**EXTRACTED DATA**
# # # #

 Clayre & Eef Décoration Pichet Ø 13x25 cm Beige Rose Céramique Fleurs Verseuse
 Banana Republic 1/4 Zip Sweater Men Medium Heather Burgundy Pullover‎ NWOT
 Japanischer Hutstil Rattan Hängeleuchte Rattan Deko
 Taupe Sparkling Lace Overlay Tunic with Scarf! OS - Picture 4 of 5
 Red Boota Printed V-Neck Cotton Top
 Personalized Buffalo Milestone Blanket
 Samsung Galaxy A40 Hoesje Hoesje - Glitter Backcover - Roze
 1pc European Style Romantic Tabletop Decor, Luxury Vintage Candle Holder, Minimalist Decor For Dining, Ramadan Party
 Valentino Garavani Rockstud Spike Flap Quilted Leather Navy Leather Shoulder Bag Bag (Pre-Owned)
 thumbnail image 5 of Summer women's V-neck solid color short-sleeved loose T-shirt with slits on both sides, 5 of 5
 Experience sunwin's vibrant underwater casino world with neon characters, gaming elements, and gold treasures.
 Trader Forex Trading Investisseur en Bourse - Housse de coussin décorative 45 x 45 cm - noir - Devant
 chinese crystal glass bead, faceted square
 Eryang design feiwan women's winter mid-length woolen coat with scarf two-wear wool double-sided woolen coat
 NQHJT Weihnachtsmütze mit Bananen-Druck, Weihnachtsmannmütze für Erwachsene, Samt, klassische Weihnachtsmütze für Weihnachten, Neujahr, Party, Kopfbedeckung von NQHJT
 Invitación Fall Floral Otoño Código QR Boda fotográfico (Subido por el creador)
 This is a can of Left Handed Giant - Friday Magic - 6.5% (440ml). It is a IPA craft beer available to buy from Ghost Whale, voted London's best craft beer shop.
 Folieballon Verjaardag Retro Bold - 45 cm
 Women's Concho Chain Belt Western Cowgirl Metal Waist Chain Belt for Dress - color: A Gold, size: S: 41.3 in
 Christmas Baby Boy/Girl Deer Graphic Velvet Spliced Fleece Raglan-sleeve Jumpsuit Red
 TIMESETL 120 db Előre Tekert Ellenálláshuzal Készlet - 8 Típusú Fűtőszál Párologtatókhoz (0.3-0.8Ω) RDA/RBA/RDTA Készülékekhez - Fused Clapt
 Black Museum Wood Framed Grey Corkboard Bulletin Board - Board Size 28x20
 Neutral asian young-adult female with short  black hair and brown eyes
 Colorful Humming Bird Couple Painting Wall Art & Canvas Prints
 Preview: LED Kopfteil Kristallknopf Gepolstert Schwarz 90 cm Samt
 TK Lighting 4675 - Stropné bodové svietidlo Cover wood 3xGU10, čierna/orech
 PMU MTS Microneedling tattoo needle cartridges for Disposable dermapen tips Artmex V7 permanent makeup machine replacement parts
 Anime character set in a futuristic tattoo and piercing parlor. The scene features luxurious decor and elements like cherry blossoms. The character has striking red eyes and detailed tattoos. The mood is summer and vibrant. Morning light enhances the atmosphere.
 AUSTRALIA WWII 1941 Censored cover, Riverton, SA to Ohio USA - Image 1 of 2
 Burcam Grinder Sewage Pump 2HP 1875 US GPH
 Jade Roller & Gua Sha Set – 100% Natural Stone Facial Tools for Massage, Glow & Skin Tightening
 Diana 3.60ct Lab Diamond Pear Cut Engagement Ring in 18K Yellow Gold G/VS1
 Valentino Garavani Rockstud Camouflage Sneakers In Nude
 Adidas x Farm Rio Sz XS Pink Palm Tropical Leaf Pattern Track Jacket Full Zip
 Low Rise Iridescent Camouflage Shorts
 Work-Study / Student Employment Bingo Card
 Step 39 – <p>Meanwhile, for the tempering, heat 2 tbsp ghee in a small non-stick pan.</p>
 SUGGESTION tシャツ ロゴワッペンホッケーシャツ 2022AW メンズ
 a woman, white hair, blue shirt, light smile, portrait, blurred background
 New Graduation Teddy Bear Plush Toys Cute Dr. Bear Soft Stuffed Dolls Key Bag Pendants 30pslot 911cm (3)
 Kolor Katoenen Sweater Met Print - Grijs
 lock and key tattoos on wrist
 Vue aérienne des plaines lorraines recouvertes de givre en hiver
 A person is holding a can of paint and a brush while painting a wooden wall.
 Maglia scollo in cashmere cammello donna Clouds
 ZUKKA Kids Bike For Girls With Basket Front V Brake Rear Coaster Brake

# # # #

**EXERCISE DIRECTIONS**
Please copy, exactly and with nothing else, the lines above beginning at the line that has "NQHJT Weihnachtsmütze mit" and ending with the line that has "Women's Concho Chain".

**ANSWER BOX**
 NQHJT Weihnachtsmütze mit Bananen-Druck, Weihnachtsmannmütze für Erwachsene, Samt, klassische Weihnachtsmütze für Weihnachten, Neujahr, Party, Kopfbedeckung von NQHJT
 Invitación Fall Floral Otoño Código QR Boda fotográfico (Subido por el creador)
 This is a can of Left Handed Giant - Friday Magic - 6.5% (440ml). It is a IPA craft beer available to buy from Ghost Whale, voted London's best craft beer shop.
 Folieballon Verjaardag Retro Bold - 45 cm
 Women's Concho Chain Belt Western Cowgirl Metal Waist Chain Belt for Dress - color: A Gold, size: S: 41.3 in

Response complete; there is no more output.